• [Task directions]
An exact transcription of all the data is required; the pictures are to be left out.

• [Information provided]
▶

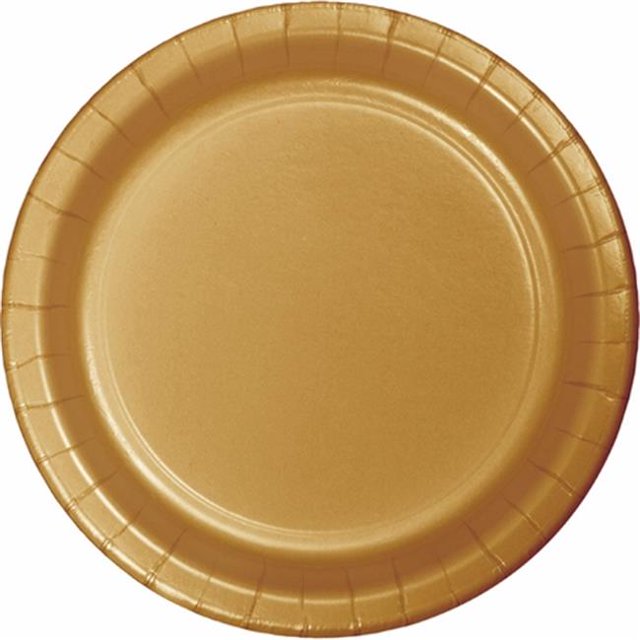 Creative Converting 332525 Scintillant Or Ronds Plaques de Papier&44; 8 Compte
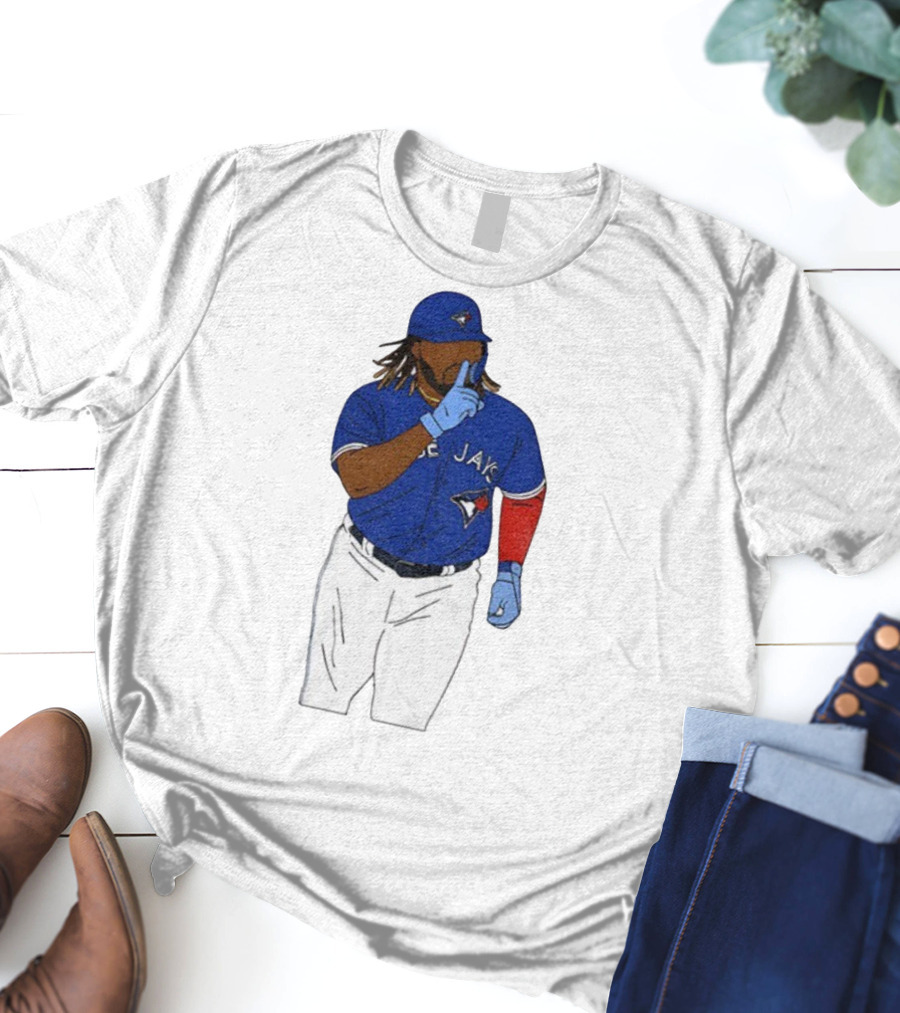 Vladimir Guerrero Jr Shhh Gesture Toronto Blue Jays Player Iconic Pose T-Shirt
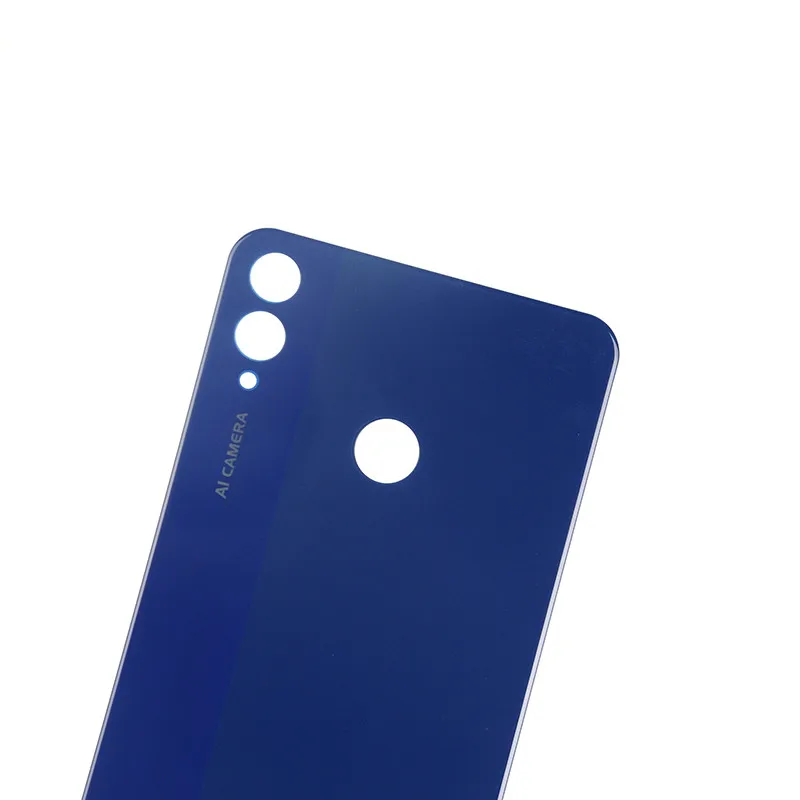 10 шт. для huawei Honor 8X задняя крышка аккумулятора стеклянная панель Задняя крышка корпуса Дверь+ клейкая наклейка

◀

• [Task output]
 Creative Converting 332525 Scintillant Or Ronds Plaques de Papier&44; 8 Compte
 Vladimir Guerrero Jr Shhh Gesture Toronto Blue Jays Player Iconic Pose T-Shirt
 10 шт. для huawei Honor 8X задняя крышка аккумулятора стеклянная панель Задняя крышка корпуса Дверь+ клейкая наклейка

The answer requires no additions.